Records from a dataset
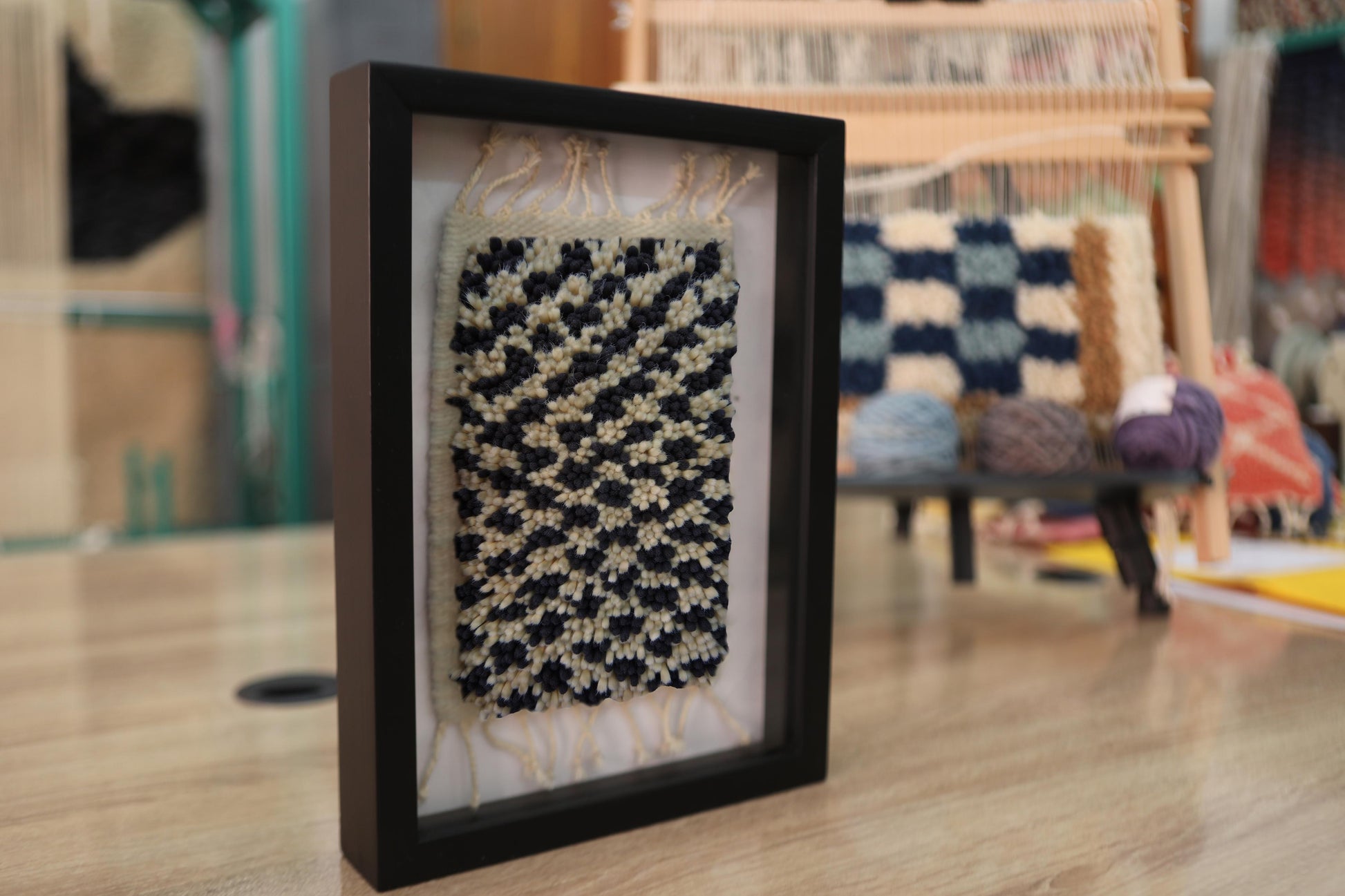 moroccan rug, ripple pattern wall art, hand knotted wool, black ivory mini rug, wool wall hanging, framed textile decor, artisanal moroccan weaving, boho rug art, knot by knot rug, 25x31 cm moroccan piece
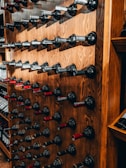 A wooden wall-mounted wine rack displays numerous bottles stored horizontally, each held securely by metal holders. The warm tones of the wood contrast with the dark colors of the wine bottles, creating an elegant and orderly arrangement.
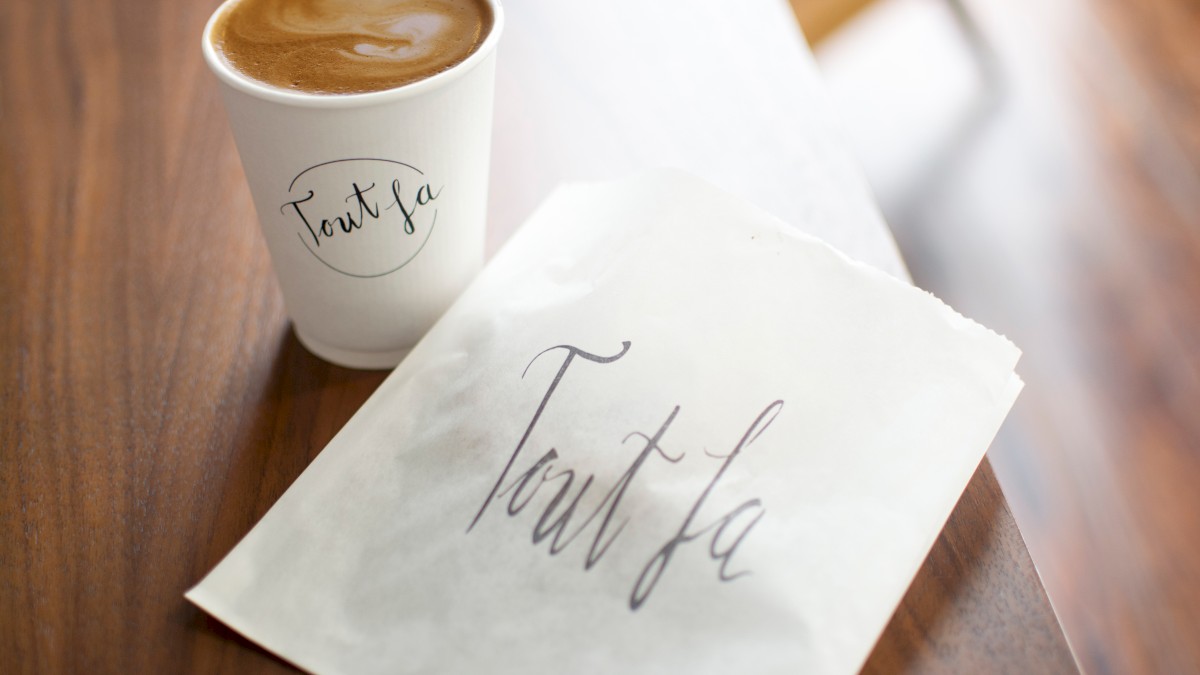 A latte in a cup and a paper bag with the same cursive text 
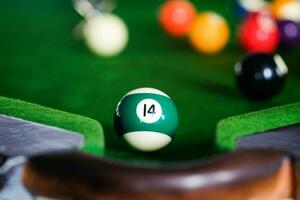 man's hand- en keu arm spelen snooker spel of voorbereidingen treffen het richten naar schieten zwembad ballen Aan een groen biljart tafel. kleurrijk snooker ballen Aan groen fries. foto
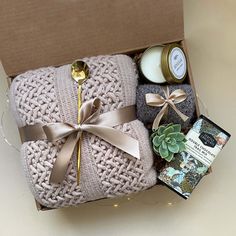 a wrapped gift box with candles, cookies and other items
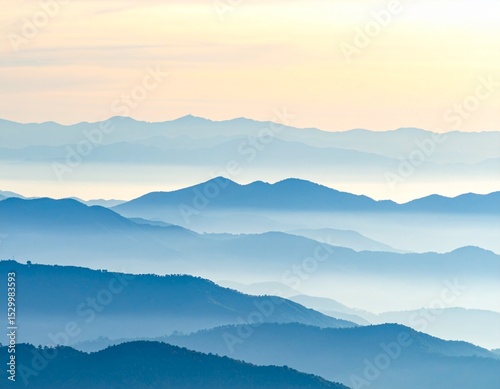 Mountains in the fog at sunset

## EXERCISE
Every line from the one that contains "a wrapped gift" through the end of the records above is to be reproduced exactly; no picture goes in the copy.

## TASK SOLUTION
 a wrapped gift box with candles, cookies and other items
 Mountains in the fog at sunset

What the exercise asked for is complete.